Metadata-Version: 2.4
Name: wv
Version: 0.0.6
Summary: Weighted Principal Component Analysis using Expectation Maximization
Home-page: https://github.com/t-c-w/wv
Author: Thor Whalen
License: apache-2.0
Platform: any
Description-Content-Type: text/markdown
License-File: LICENSE
Dynamic: license-file

# wv
Weighted Principal Component Analysis using Expectation Maximization

To install:	```pip install wv```

## Overview
The `wv` package offers a sophisticated approach to Principal Component Analysis (PCA) through the implementation of Weighted Expectation Maximization PCA (EMPCA). This method is particularly useful for handling datasets with noisy or incomplete entries, as it allows for the incorporation of weights that can vary across observations and variables. This package provides tools not only for EMPCA but also includes implementations for classic PCA and a lower rank matrix approximation method, both of which can be used for comparative analysis.

## Key Features
- **Weighted EMPCA**: Iteratively solves PCA with weighted data, ideal for datasets with missing or uncertain values.
- **Classic PCA**: A straightforward implementation of PCA using Singular Value Decomposition (SVD), without support for weighted data.
- **Lower Rank Matrix Approximation**: An alternative method that iteratively approximates data using a set of model vectors that are not necessarily orthonormal.
- **Model Inspection**: After computation, users can inspect eigenvectors, coefficients, and reconstructed models to analyze the principal components and the variance explained by them.

## Installation
To install the package, use the following pip command:
```bash
pip install wv
```

## Usage

### Weighted EMPCA
To perform Weighted EMPCA on your data, you can use the `empca` function. Here is an example of how to use it:

```python
import numpy as np
from wv import empca

# Example data and weights
data = np.random.normal(size=(100, 10))
weights = np.ones_like(data)  # Equal weights
weights[data < 0] = 0.5  # Lower weight for negative values

# Perform EMPCA
model = empca(data, weights, niter=10, nvec=3)

# Access the eigenvectors and model data
eigenvectors = model.eigvec
reconstructed_data = model.model
```

### Classic PCA
For datasets without the need for weighting, you can use the `classic_pca` function:

```python
from wv import classic_pca

# Example data
data = np.random.normal(size=(100, 10))

# Perform classic PCA
model = classic_pca(data)

# Eigenvectors
eigenvectors = model.eigvec
```

### Lower Rank Matrix Approximation
This method is useful for datasets where the goal is to approximate the data without necessarily obtaining orthonormal vectors:

```python
from wv import lower_rank

# Example data and weights
data = np.random.normal(size=(100, 10))
weights = np.ones_like(data)

# Perform lower rank approximation
model = lower_rank(data, weights, niter=10, nvec=3)

# Model vectors
model_vectors = model.eigvec
```

## Documentation

### Classes and Functions

#### `Model`
A class for storing the results of PCA computations.

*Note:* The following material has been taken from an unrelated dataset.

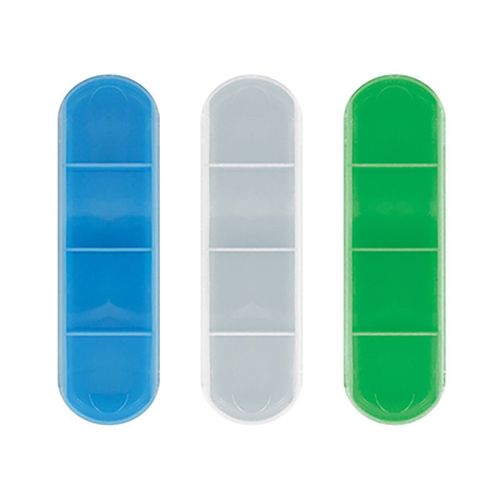 Daily pill-box with sliding lid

It includes the following attributes:
- `eigvec`: Eigenvectors of the model.
- `data`: Original data used in the model.
- `weights`: Weights applied to the data.
- `coeff`: Coefficients to reconstruct the data using the eigenvectors.
- `model`: Reconstructed data using the eigenvectors and coefficients.

#### `empca`
Function to perform Weighted EMPCA. Parameters include:
- `data`: Data matrix.
- `weights`: Corresponding weights matrix.
- `niter`: Number of iterations for the EM algorithm.
- `nvec`: Number of eigenvectors to compute.
- `smooth`: Optional smoothing parameter.
- `randseed`: Seed for the random number generator.

#### `classic_pca`
Function to perform classic PCA using SVD. It only requires the data matrix and optionally the number of eigenvectors.

#### `lower_rank`
Function for lower rank matrix approximation. Similar to `empca` but does not enforce orthonormality of the resulting vectors.

### Additional Tools
- **`SavitzkyGolay`**: A utility class for smoothing signals using the Savitzky-Golay filter. Useful for preprocessing data or smoothing eigenvectors in the context of PCA.

## Contributing
Contributions to the `wv` package are welcome. Please ensure that any pull requests or issues are clear and reproducible.

## License
This project is licensed under the MIT License - see the LICENSE file for details.